2020-02-16 I've been wondering how this antenna would change if the radials were on the ground. So today I dropped them to the ground, making no other changes and compared the signals reported on the Reverse Beacon Network.
When I sent CQ with the radials elevated as they have been for all my development work and all previous QSOs I was heard by twelve stations. When I dropped them to the ground (actually to the snow!), not a single station heard me. But when I returned them to their elevated position I immediately got reports again, comparable with the previous ones.
I also noticed that the SWR was considerably higher with the radials on the ground. I'm guessing that had I tuned it up with ground radials the SWR would have been fine with them. Whether it would have radiated as well as with the elevated ones, I don't know. I may experiment with my Wolf River Coils antenna sometime which is very similar in design but easier to change the "taps" on the coil by simply moving the sliding collar.
As noted above in the log of contacts I was able to have two good 30 meter QSOs with it this morning, with the elevated radials. I still have not managed any QSOs on either 60 meters and only one on 80 meters. 20, 30 and 40 seem productive. I'll keep trying on 60 meters.

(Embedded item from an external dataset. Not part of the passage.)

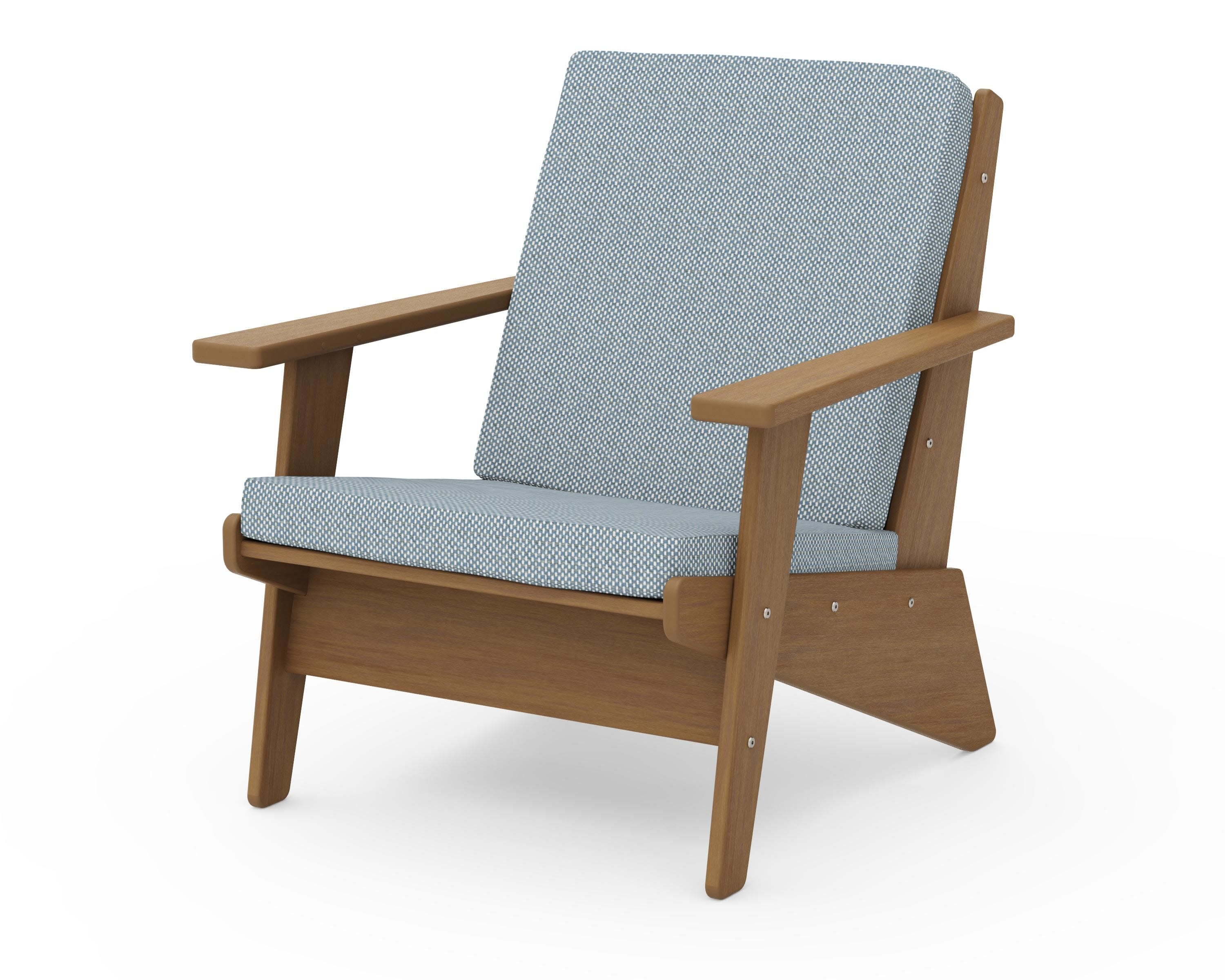 Riviera Modern Lounge Chair in Natural / Exhale Sky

2020-02-15 OK, I think I have conquered this thing. I've been struggling with it the past few days as I'd think I had the taps in the right place only to think otherwise the next time I put it up. Much to my embarrassment the problem was that I mixed up the top and bottom elements with the ones for my QRPGuys Tri-band vertical. Turns out a few inches makes a difference! So today I sort of started over by selecting the top element (11' 3" long) and then adjusted the bottom element (48") until the antenna resonated right where I wanted it on 20 meters, which bypasses the coil entirely. Then I worked my way down the taps from there. Most of them were where they needed to be but a couple needed changing. I also added a tap for the lower part of 75 meters. It would take at least three taps to cover the whole 75/80 meter band. But I'm mostly interested in the CW portion. and the tuner in both my G90 and x5105 can compensate for the off-frequency SWR. The charts below show what the antenna looks like now. I wrote the lengths of the top (11'3") and bottom(48") elements on the inside of the ends of the coil form so I can do it right next time! I think I'm done!
Here are the inductance measurements of the taps measured from the top 20 meter tap down: 20mtrs: .41uh; 30mtrs: 5.67uh; 40mtrs: 14.34uh; 60mtrs: 31.80uh; 80mtrs: 75.75uh. I'm sure my measuring instrument is not that accurate but it's what I have so there are the numbers.
2020-02-14 Did a bit more tweaking of the taps on the coil today. It now resonates at 3.507, 5.28, 6.94, 10.22 and 14.07. SWR is usable on all bands except the middle to higher end of 75 meters. I marked another tap location to cover that but didn't add it. 40 is still a bit low. Need to move that tap one more turn up the coil. But you get tired of fiddling with it after a while! :-) As the log shows above, it works.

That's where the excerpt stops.